» **WORK TO BE COMPLETED**:
Up to and including the line with "Tibi Classic Denim", restate every line of the records below word for word, from the first line on, leaving out the pictures.

» **STUDY MATERIAL**:
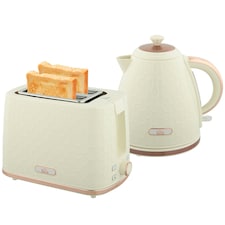 HOMCOM Kettle and Toaster Set 1.7L Kettle & 2 Slice Toaster Set Beige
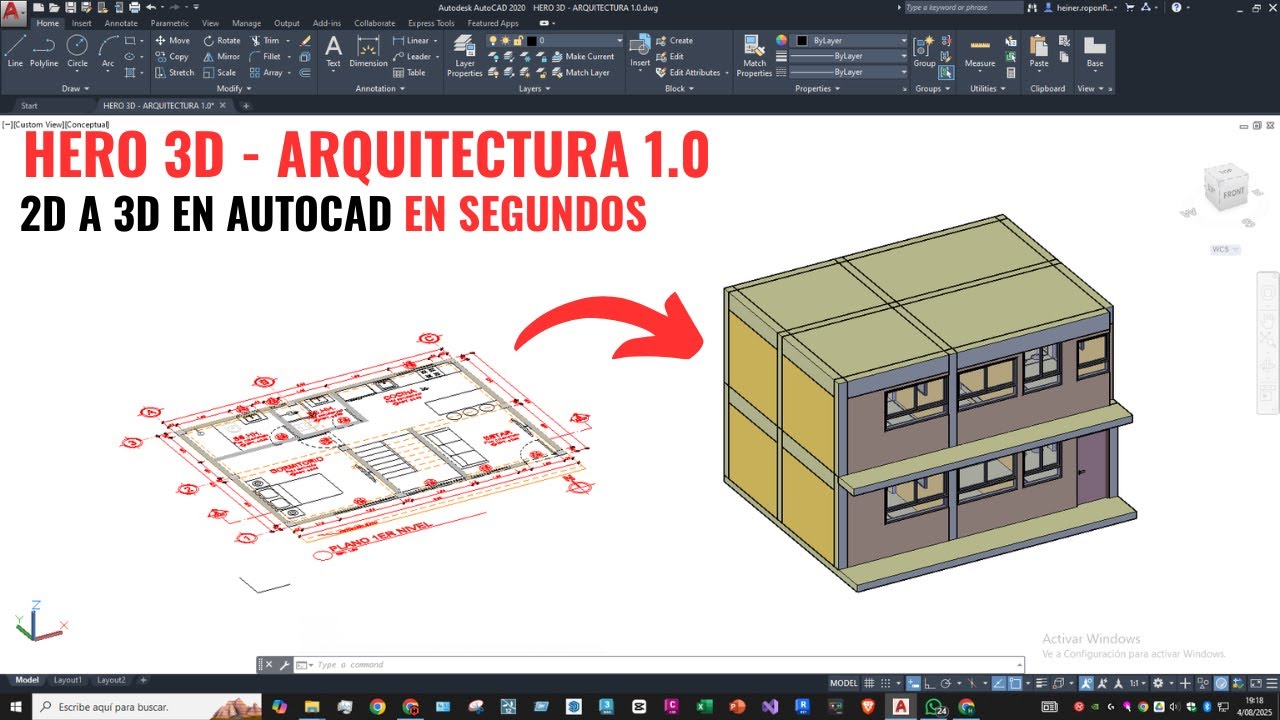 HERO 3D - ARQUITECTURA | BLOQUES DINAMICOS 2D A MODELO 3D EN SEGUNDOS PARA AUTOCAD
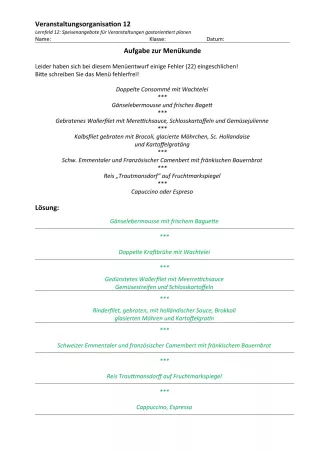 Unterrichtsbaustein: 12.1 Aufgabe zur Menükunde (Lösung)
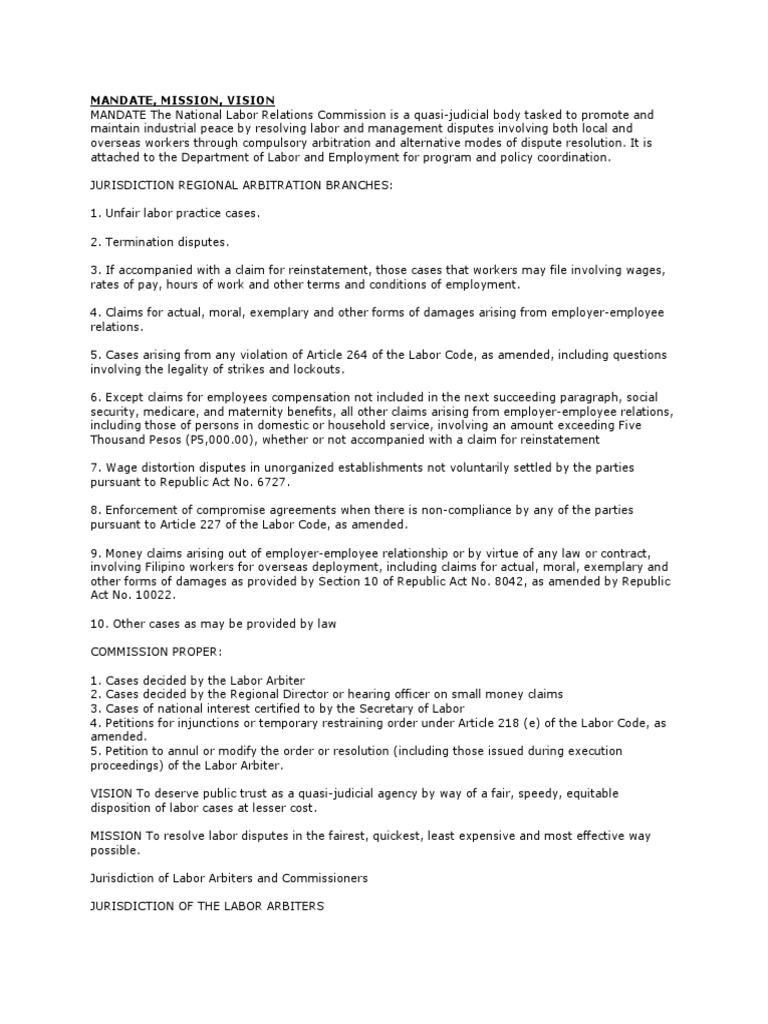 Mandate, Mission, Vision | Download Free PDF | Labour Law | Injunction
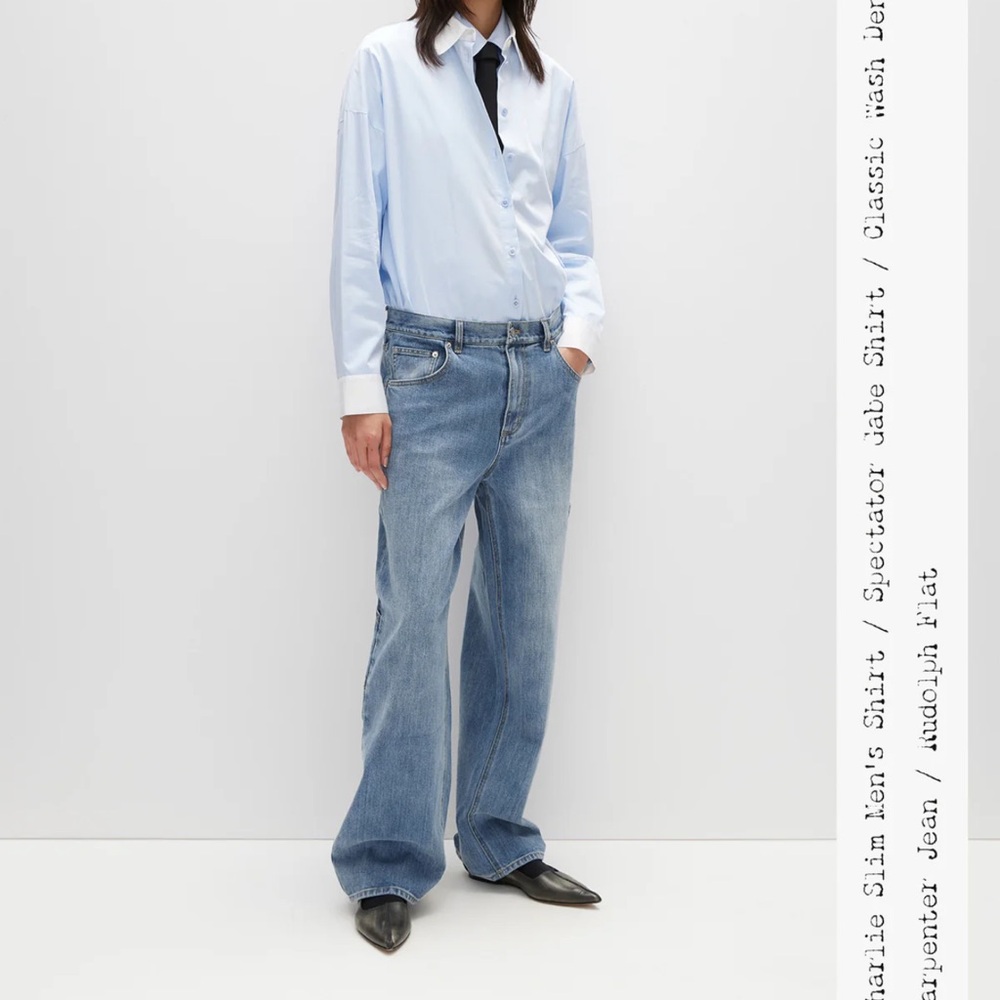 Tibi Classic Denim Slouchy Carpenter Jean - Picture 2 of 6
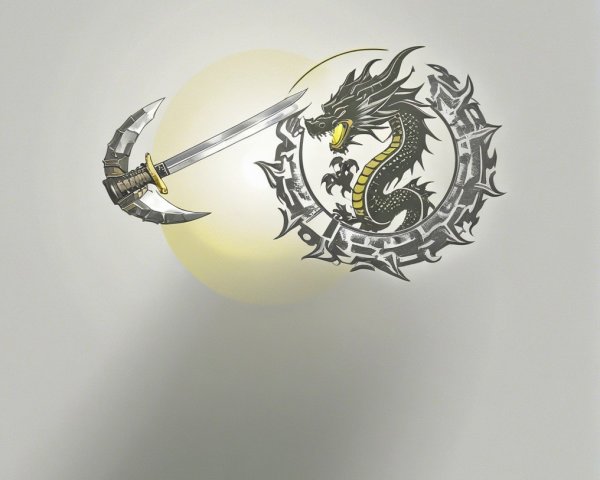 Stylized Dragon and Sword Emblem Design Description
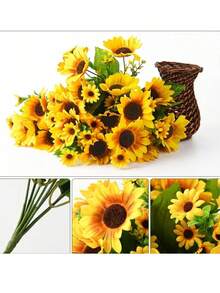 1 Bouquet Of 13 Artificial Sunflowers, Daisy Countryside Style, Suitable For Home Decor, Bedroom Decor, Mother's Day, Party Decor, Wedding, Wedding Decor, Bedroom Decor, Party Supplies, Wedding Decor, Living Room Decor, Gift For Her - Multicolor - View 9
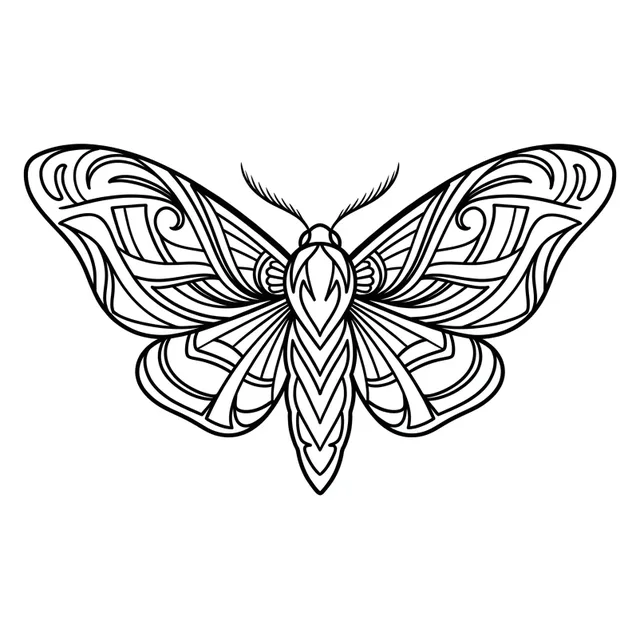 Black and white linework moth tattoo design, outline stencil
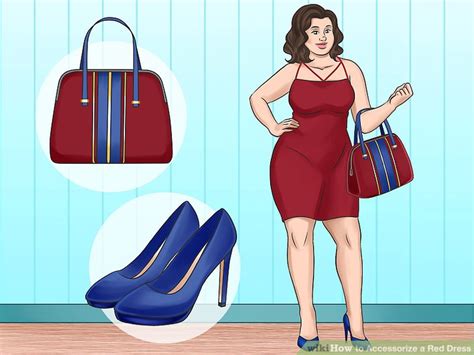 ways  accessorize  red dress wikihow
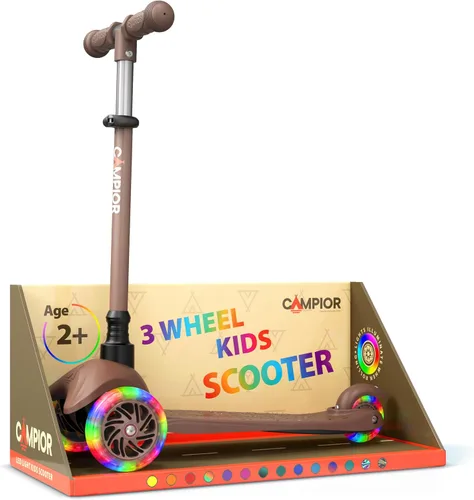 Vista 23 de Mini scooter negro de 3 ruedas para niños, inclinado para dirigir con ruedas con luces LED, manubrio ajustable, cubierta antideslizante ancha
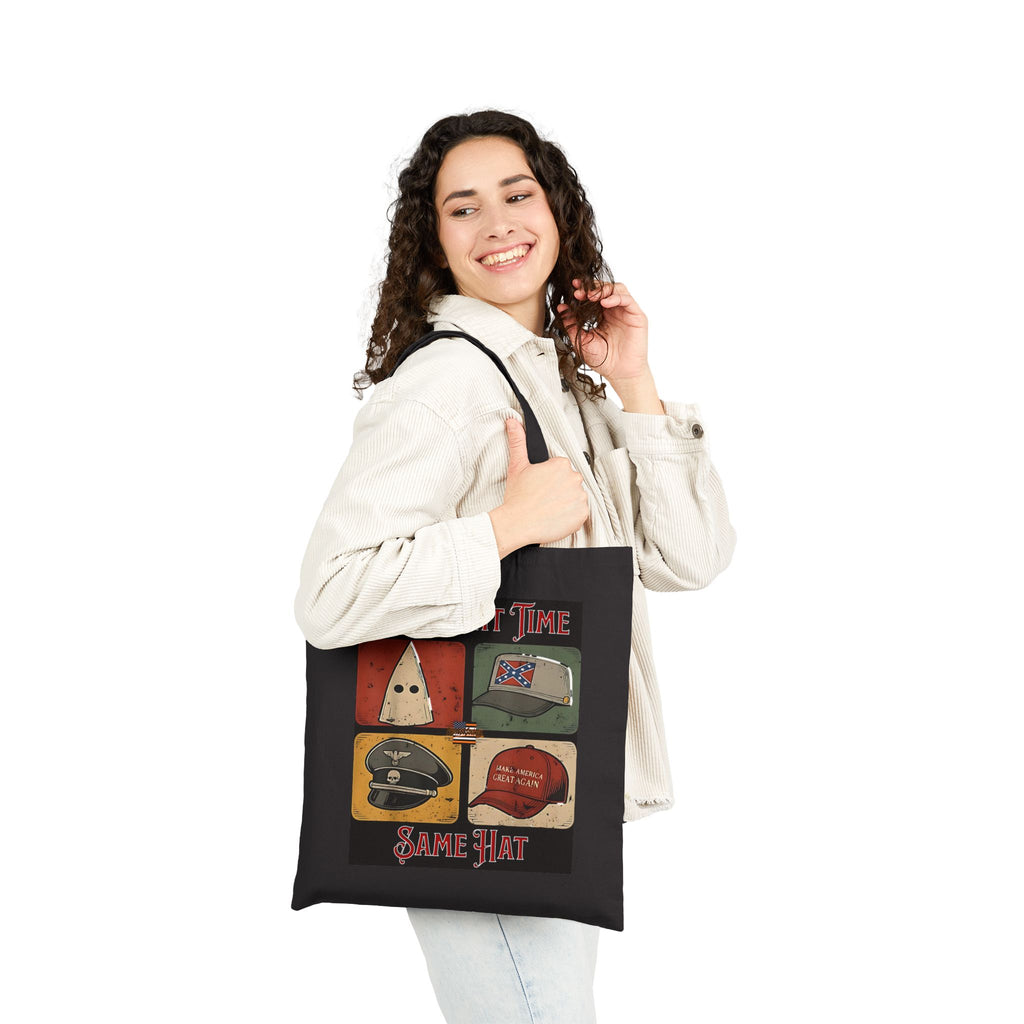 Different Time, Same Hat Cotton Canvas Tote Bag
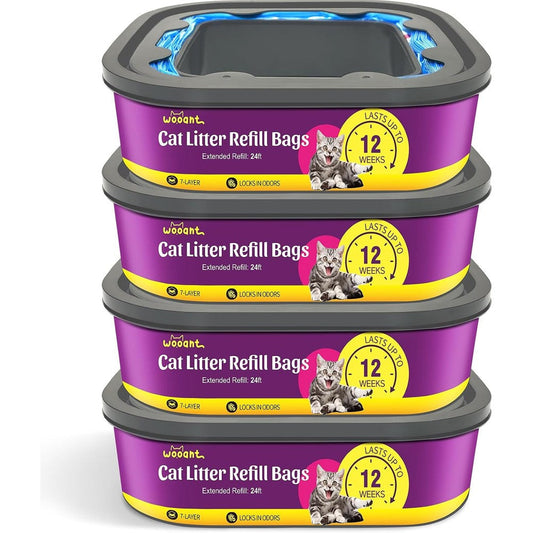 Zippland Wooant cat litter refill bags cartridge 4 pack front view showing packaging details.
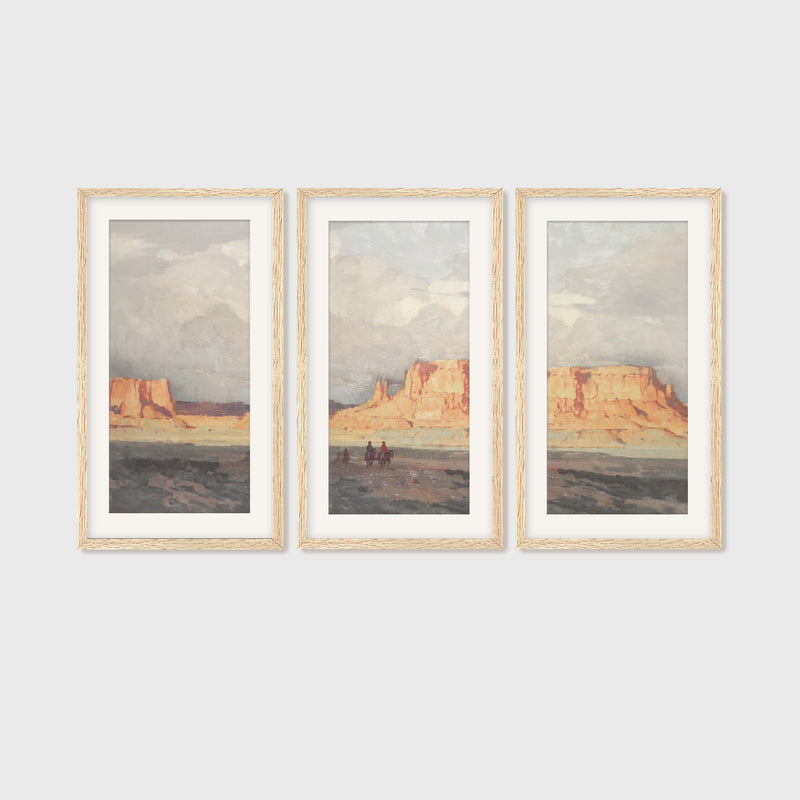 Desert Painting Triptych in Muted Blues and Orange - Sage and Rose Prints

» **ANSWER SECTION**:
 HOMCOM Kettle and Toaster Set 1.7L Kettle & 2 Slice Toaster Set Beige
 HERO 3D - ARQUITECTURA | BLOQUES DINAMICOS 2D A MODELO 3D EN SEGUNDOS PARA AUTOCAD
 Unterrichtsbaustein: 12.1 Aufgabe zur Menükunde (Lösung)
 Mandate, Mission, Vision | Download Free PDF | Labour Law | Injunction
 Tibi Classic Denim Slouchy Carpenter Jean - Picture 2 of 6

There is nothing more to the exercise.